Chapter 7: The Full Pipeline — Understanding Genetics in the Age of AI

7.1: Overview

Everything in the previous six chapters (DNA, the genetic code, cancer mutations, genome sequencing, protein folding, AlphaFold, the immune system, MHC binding, mRNA vaccines, lipid nanoparticles) converges into a single pipeline: a process that transforms a tumor biopsy into a personalized cancer vaccine. For Rosie, this pipeline, from sequencing to vaccine design, took less than two months.

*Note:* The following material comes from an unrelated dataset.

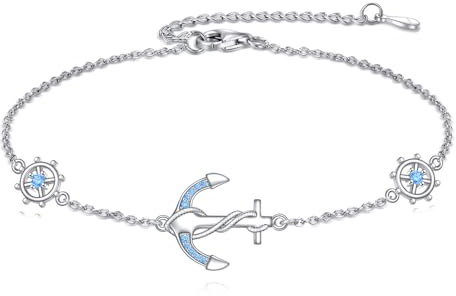 ONEFINITY Anchor Bracelet for Women 925 Sterling Silver Rudder Bracelet Nautical Sailor Anchor Jewellery for Mom Women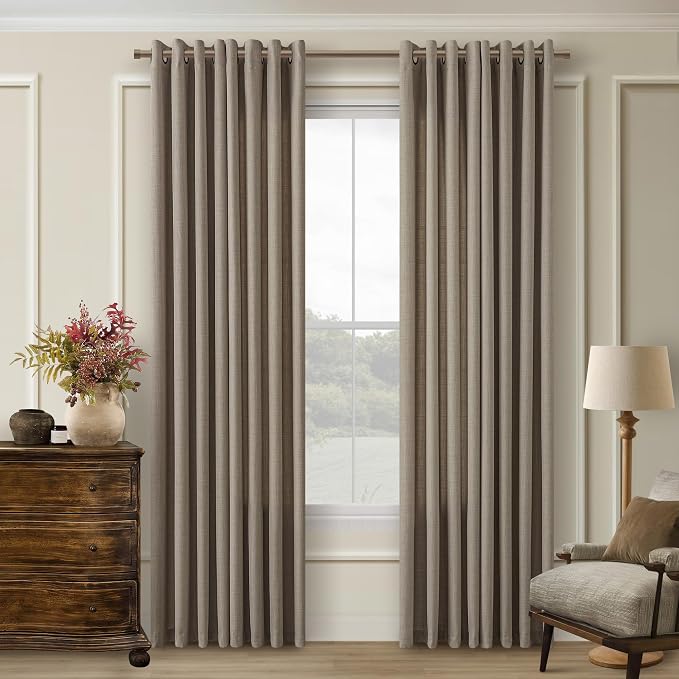 Tab Brown Neutral Linen Curtains Bronze Grommet Semi Sheer Non See Through Privacy Flax Burlap Drapes Cottagecore Boho Farmhouse Bay Window Curtains 90 Inches Long for Living Room Bedroom 52x90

Click each step to expand Rosie's actual data

1. Tumor DNA Sequencing — ~2 weeks

For Rosie: Paired-end sequencing at UNSW Ramaciotti Centre for Genomics. Illumina platform, ~50× coverage of tumor and matched normal blood. Output: two FASTQ files totalling ~48 GB. Cost: $3,000 AUD. Both tumor biopsy and blood sample were required to distinguish cancer mutations from inherited variants.

2. Variant Calling — ~3 days

For Rosie: FASTQ files aligned to the canine reference genome (CanFam4) using BWA-MEM2. GATK Mutect2 identified somatic mutations by comparing tumor vs normal. Output: a VCF file containing thousands of candidate mutations, filtered to ~300 high-confidence variants affecting protein-coding regions. Ran on a cloud laptop instance; no specialized hardware needed.

3. Neoantigen Prediction — ~1 day

For Rosie: Each mutation translated to all overlapping 8–11 amino acid peptides spanning the mutation site. NetMHCpan 4.1 predicted binding affinity to Rosie's MHC (HLA) alleles. Candidates with affinity <500 nM ranked by Vaxrank, incorporating gene expression data. Final shortlist: 17 high-confidence neoantigen candidates from ~300 mutations.

4. Protein Structure Prediction — hours

For Rosie: Top candidates submitted to AlphaFold Server. Predicted structures visualized in PyMOL to confirm neoantigen peptides sat on the protein surface (not buried). pLDDT scores above 90 for all selected regions. Structural confirmation reduced the list to 12 final vaccine targets. Entire step took one afternoon on a standard laptop.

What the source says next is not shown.